Posiblemente algunos me acusen de traidor, cuando refiero esa especie de interioridad que, aunque sobradamente conocida, fusila ese feminismo de pacotilla que algunas veces afloramos para la galería y sin que íntimamente nos confunda: somos machos y como tales tenemos nuestras inclinaciones, reservadas a esos ámbitos en los que sí que nos explayamos a gusto.
Queda camino por recorrer, pero más aún en esos mentideros en los que el poder se soslaya entre copas y trajes caros, donde se exhibe sin pudor para que nos reconozcan, inclusive desde lejos. Son esas gentes que gustan de lo caro y que pueden porque sí, porque lo tienen casi todo e inclusive mujeres subordinadas a sus complacientes deseos de lujuria. Los regalitos suelen venir de fábrica, la misma que les empodera cuando hace falta y les eleva a la categoría consumible de quien puede hacerlos y se gusta de recibir halagos.

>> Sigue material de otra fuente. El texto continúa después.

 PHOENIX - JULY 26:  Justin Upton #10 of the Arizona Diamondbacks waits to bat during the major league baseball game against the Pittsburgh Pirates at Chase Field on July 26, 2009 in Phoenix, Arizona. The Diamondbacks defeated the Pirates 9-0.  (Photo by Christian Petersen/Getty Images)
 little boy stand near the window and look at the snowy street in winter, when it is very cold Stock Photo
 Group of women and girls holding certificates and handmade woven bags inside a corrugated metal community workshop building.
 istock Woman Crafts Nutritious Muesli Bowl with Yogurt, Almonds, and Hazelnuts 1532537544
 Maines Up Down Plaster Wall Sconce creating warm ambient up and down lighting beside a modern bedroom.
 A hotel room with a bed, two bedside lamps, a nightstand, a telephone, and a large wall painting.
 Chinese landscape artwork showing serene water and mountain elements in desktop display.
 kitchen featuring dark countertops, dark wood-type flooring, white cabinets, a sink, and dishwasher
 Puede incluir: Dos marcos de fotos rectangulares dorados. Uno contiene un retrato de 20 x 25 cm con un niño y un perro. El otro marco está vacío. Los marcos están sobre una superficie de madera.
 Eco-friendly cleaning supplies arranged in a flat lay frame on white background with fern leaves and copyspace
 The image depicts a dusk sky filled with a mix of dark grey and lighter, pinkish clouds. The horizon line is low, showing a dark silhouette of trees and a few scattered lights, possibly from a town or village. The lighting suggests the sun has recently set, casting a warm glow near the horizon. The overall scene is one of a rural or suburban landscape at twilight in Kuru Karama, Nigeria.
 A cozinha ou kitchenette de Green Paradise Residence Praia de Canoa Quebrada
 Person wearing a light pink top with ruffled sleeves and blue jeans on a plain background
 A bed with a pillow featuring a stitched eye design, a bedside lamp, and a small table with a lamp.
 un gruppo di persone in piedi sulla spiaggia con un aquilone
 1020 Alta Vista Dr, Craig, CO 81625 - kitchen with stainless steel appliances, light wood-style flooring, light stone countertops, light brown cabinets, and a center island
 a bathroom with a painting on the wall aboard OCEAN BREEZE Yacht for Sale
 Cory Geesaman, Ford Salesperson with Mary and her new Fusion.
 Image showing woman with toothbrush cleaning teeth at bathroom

Es como si fuera calando entre ellos la idea de que, a distancia de los más grandes pero con criterio semejante, todo ha de funcionar como un reloj y a ser posible de marca cara, esos que se lucen alargando la mano, en espera de ser reconocido como triunfador del lujo.
Si no eres nadie, tampoco tendrás derecho a las mujeres de compañía que se ofrecen en salones de alcurnia y reservados de las miradas ajenas que siempre quieren complicarlo todo, cuando solo es envidia y aspiración moralista, de corte marcadamente cínica.
Ahí los tienen, sembrando malestar contra un género que siempre fue imperante y que algunos quieren hacer claudicar como incomprendido.